/spark-utils

Utility functions for dbt projects running on Spark

Primary LanguageMakefileApache License 2.0Apache-2.0

This dbt package contains macros that:

  • can be (re)used across dbt projects running on Spark
  • define Spark-specific implementations of dispatched macros from other packages

Installation Instructions

Check dbt Hub for the latest installation instructions, or read the docs for more information on installing packages.


Compatibility

This package provides "shims" for:

  • dbt_utils, except for:
    • dbt_utils.get_relations_by_prefix_sql
    • dbt_utils.get_tables_by_pattern_sql
    • dbt_utils.get_tables_by_prefix
    • dbt_utils.get_tables_by_pattern
  • snowplow (tested on Databricks only)

In order to use these "shims," you should set a dispatch config in your root project (on dbt v0.20.0 and newer). For example, with this project setting, dbt will first search for macro implementations inside the spark_utils package when resolving macros from the dbt_utils namespace:

dispatch:
  - macro_namespace: dbt_utils
    search_order: ['spark_utils', 'dbt_utils']

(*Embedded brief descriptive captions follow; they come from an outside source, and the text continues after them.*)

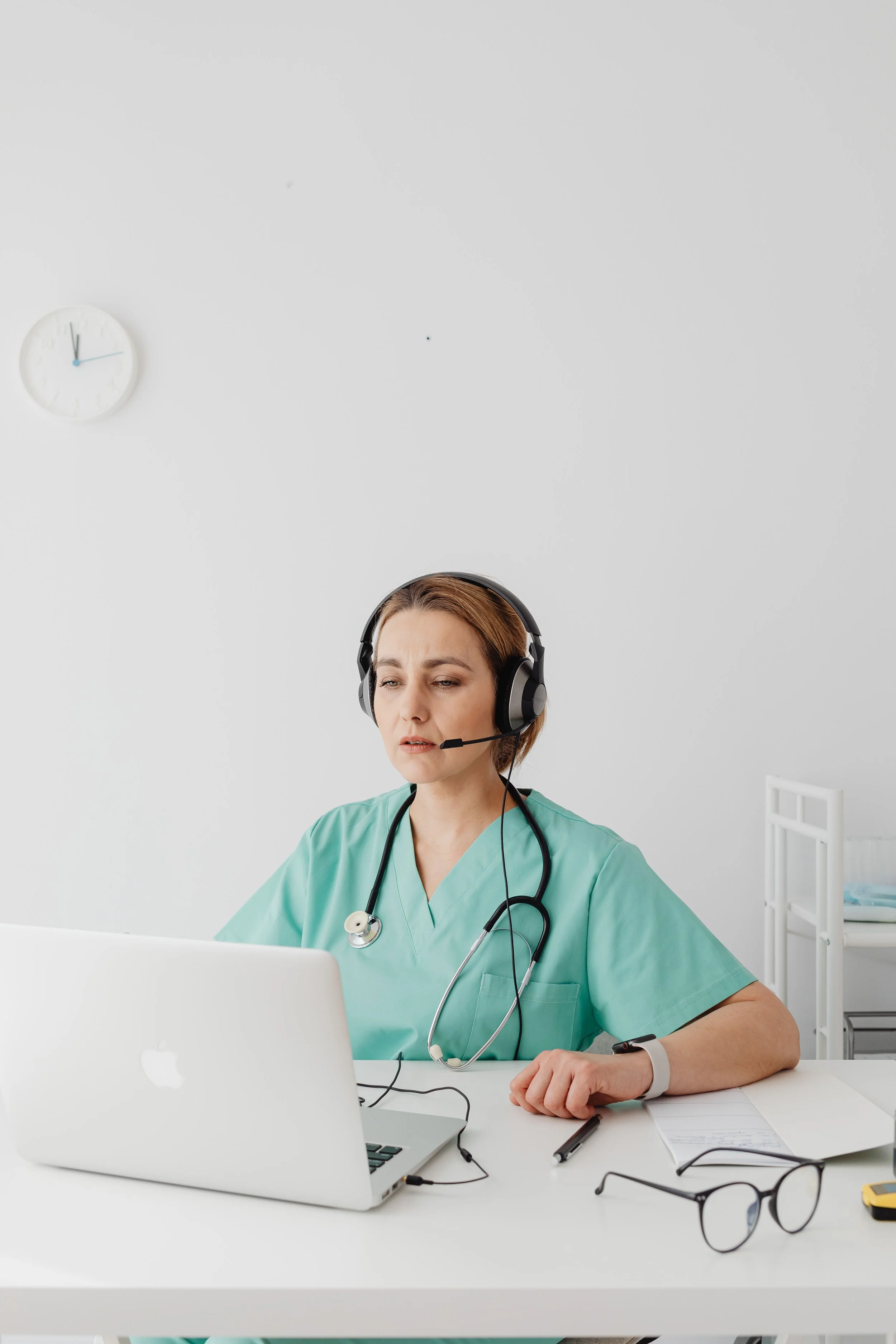 A female healthcare professional wearing green scrubs, using a laptop, with a stethoscope around her neck, and a smartwatch on her left wrist, seated at a white desk in a medical office.
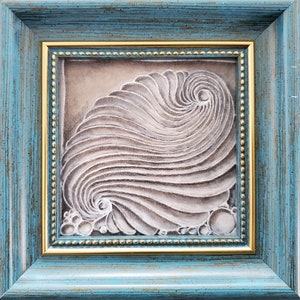 May include: A framed artwork featuring a white, textured, abstract design resembling a seashell. The design is set against a light brown background and framed in a blue and gold frame.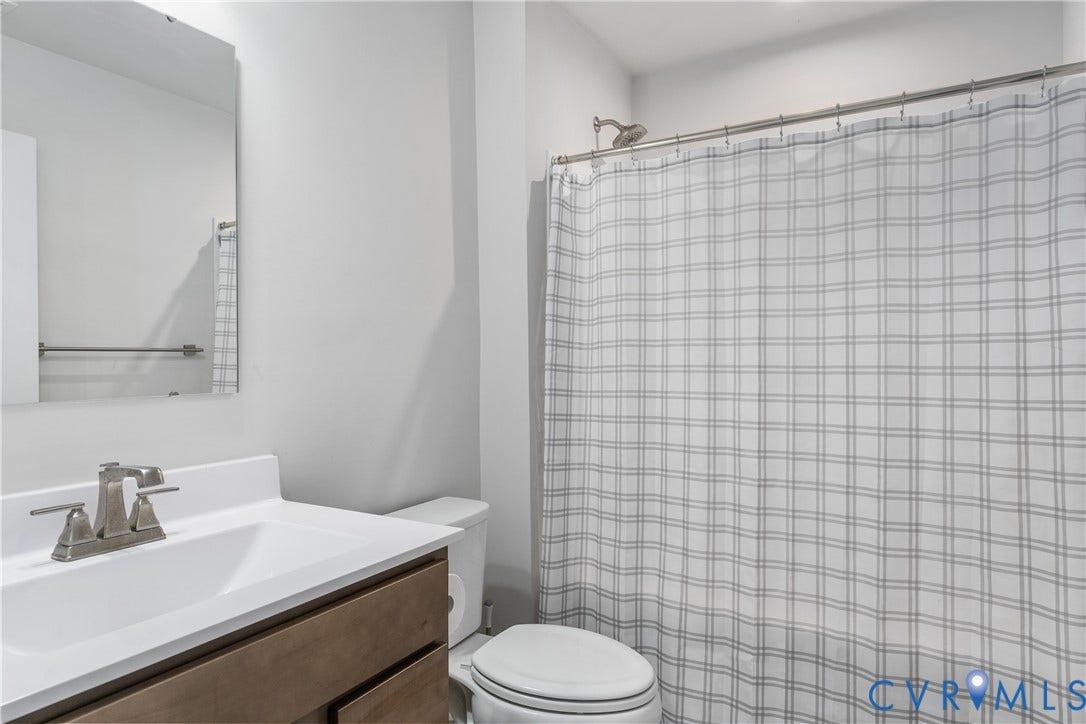 7580 Southamptonshire Way, Autumn Pines, New Kent, VA 23124 Bathroom featuring a shower with a chrome shower head, a single vanity with a white countertop, and a mirror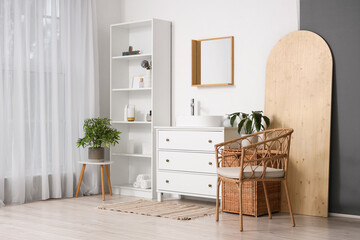 Interior of bathroom with sink and artificial plants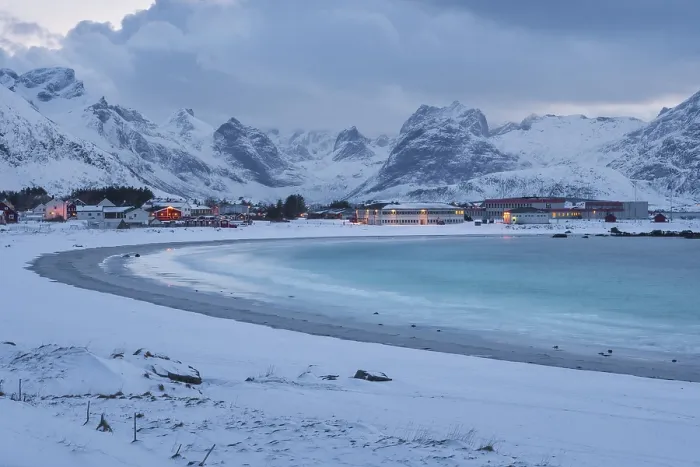 Framed Print : Snowy landscape at sea bay with sandy beach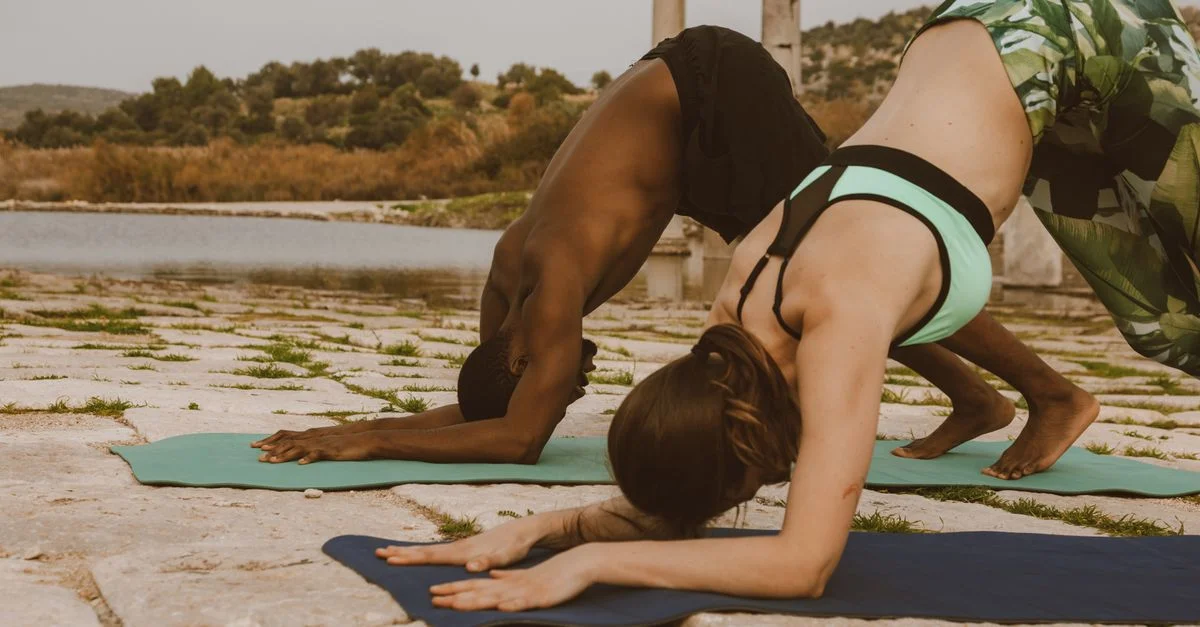 Deux adultes pratiquant le yoga en extérieur sur des tapis, mettant l'accent sur la forme physique et la relaxation.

Note to maintainers of other packages

The spark-utils package may be able to provide compatibility for your package, especially if your package leverages dbt-utils macros for cross-database compatibility. This package does not need to be specified as a depedency of your package in packages.yml. Instead, you should encourage anyone using your package on Apache Spark / Databricks to:

  • Install spark_utils alongside your package
  • Add a dispatch config in their root project, like the one above

Contributing

We welcome contributions to this repo! To contribute a new feature or a fix, please open a Pull Request with 1) your changes and 2) updated documentation for the README.md file.


Getting started with dbt + Spark

Code of Conduct

Everyone interacting in the dbt project's codebases, issue trackers, chat rooms, and mailing lists is expected to follow the PyPA Code of Conduct.